A figura dos atletas de futebol, em menor proporção é claro, tornam-se
ao lado da figura do presidente Vargas símbolos do heroísmo e força brasileira.
A “voz do Brasil”2 divulgava o quanto o populismo de Vargas era benéfico à
nação que só “crescia e se desenvolvia” ao mesmo tempo em que os locutores
populares como Ari Barroso e Mario Filho exaltavam, a força dos novos heróis
populares, o jogador de futebol, capaz, através de seu talento, ascender
socialmente.
Estamos diante de quadro, no qual os meios de comunicação
de massa (o rádio e o jornal principalmente) abrem espaço
para transformação de certas manifestações populares em
bens da indústria cultural (BRUHNS. 2000. p.66).
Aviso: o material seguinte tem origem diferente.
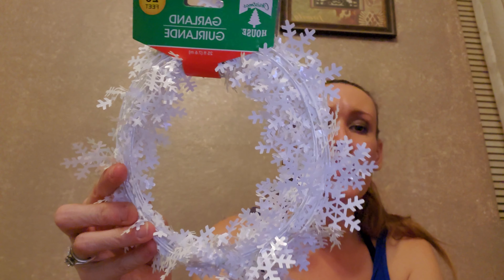I think my plan with this garland is to put it in my bathroom because it is a snowman theme and this has little snowflakes on it. So I think this is going to go in there like around my mirrors. So that is the end of my Dollar Tree haul, but then I have a very, very small Walmart haul.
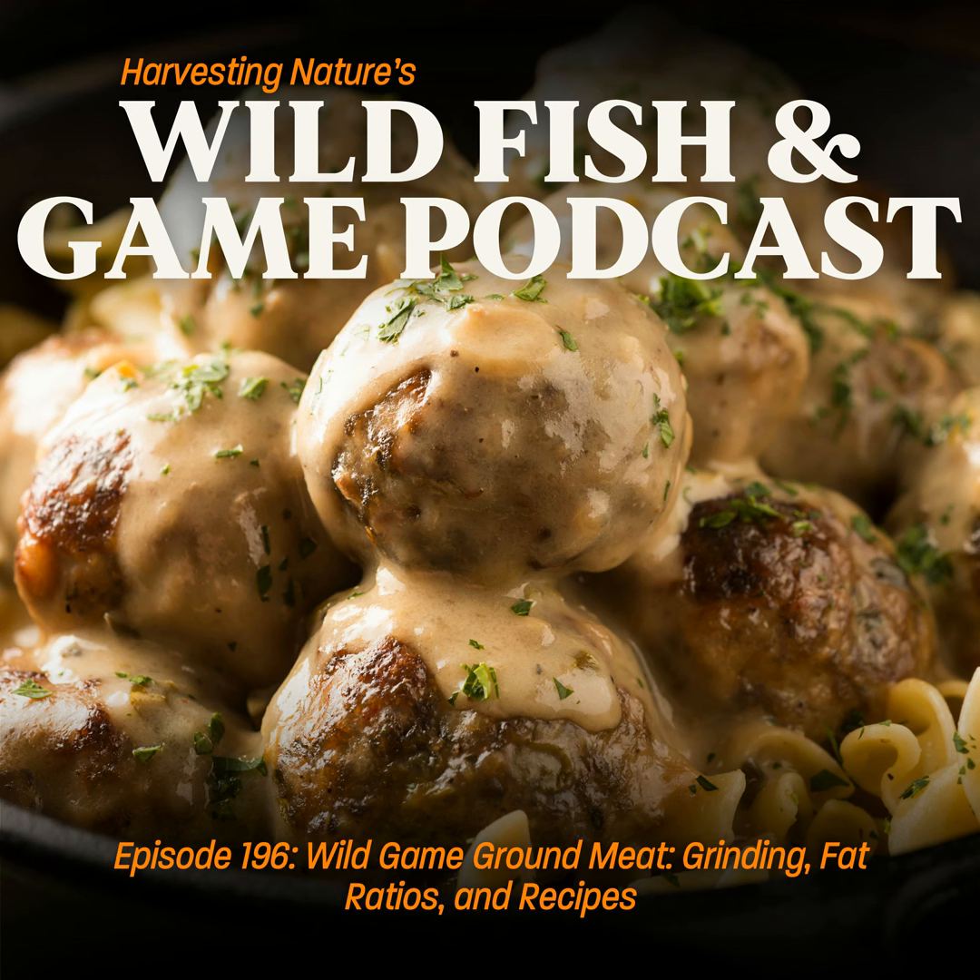Join Justin Townsend and the Harvesting Nature crew as they explore the world of cooking wild fish and game, sharing recipes, tips, tricks, and lessons learned from their pursuit of wild food. We sure hope you eat before the show because you're going to leave hungry. This is the Wild Fish and Game Podcast.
Assim, Vargas através de uma política centralizadora e autoritária forja
um sentimento nacionalista difundido pela guerra e potencializado pelo futebol
(FRANCO JUNIOR. 2007). Neste período o futebol é alçado à imagem de
símbolo nacional e expressão do sentimento de identidade nacional.
2
Programa radiofônico oficial do Governo Federal.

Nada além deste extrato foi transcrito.